TÜRKİYE CUMHURİYETİ
|
ANAYASA MAHKEMESİ
|
|
|
BİRİNCİ BÖLÜM
|
|
KARAR
|
|
TEVFİK BAŞARAN BAŞVURUSU
|
(Başvuru Numarası: 2020/1782)
|
|
Karar Tarihi: 11/7/2023
|
|
BİRİNCİ BÖLÜM
|
|
KARAR
|
|
Başkan
|
:
|
Hasan Tahsin GÖKCAN
|
Üyeler
|
:
|
Yusuf Şevki HAKYEMEZ
|
|
|
Selahaddin MENTEŞ
|
|
|
İrfan FİDAN
|
|
|
Muhterem İNCE
|
Raportör
|
:
|
M. Emin ŞAHİNER
|
Başvurucu
|
:
|
Tevfik BAŞARAN
|
Vekili
|
:
|
Av.
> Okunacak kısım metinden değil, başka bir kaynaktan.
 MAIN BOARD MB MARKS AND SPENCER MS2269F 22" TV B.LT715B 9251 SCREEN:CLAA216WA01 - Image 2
Hasan UŞEN
|
I. BAŞVURUNUN KONUSU
1. Başvuru, Anayasa Mahkemesinin mülkiyet hakkının ihlal
edildiğine ilişkin kararı üzerine yapılan yeniden yargılamada ihlal kararına
uygun karar verilmemesi nedeniyle mülkiyet hakkının ihlal edildiği iddiasına
ilişkindir.
II. BAŞVURU
SÜRECİ
2. Başvuru 6/1/2020 tarihinde yapılmıştır.
3. Başvuru, başvuru formu ve eklerinin idari yönden yapılan
ön incelemesinden sonra Komisyona sunulmuştur.
4. Komisyonca başvurunun kabul edilebilirlik
incelemesinin Bölüm tarafından yapılmasına karar verilmiştir.
5. Bölüm Başkanı tarafından başvurunun kabul
edilebilirlik ve esas incelemesinin birlikte yapılmasına karar verilmiştir.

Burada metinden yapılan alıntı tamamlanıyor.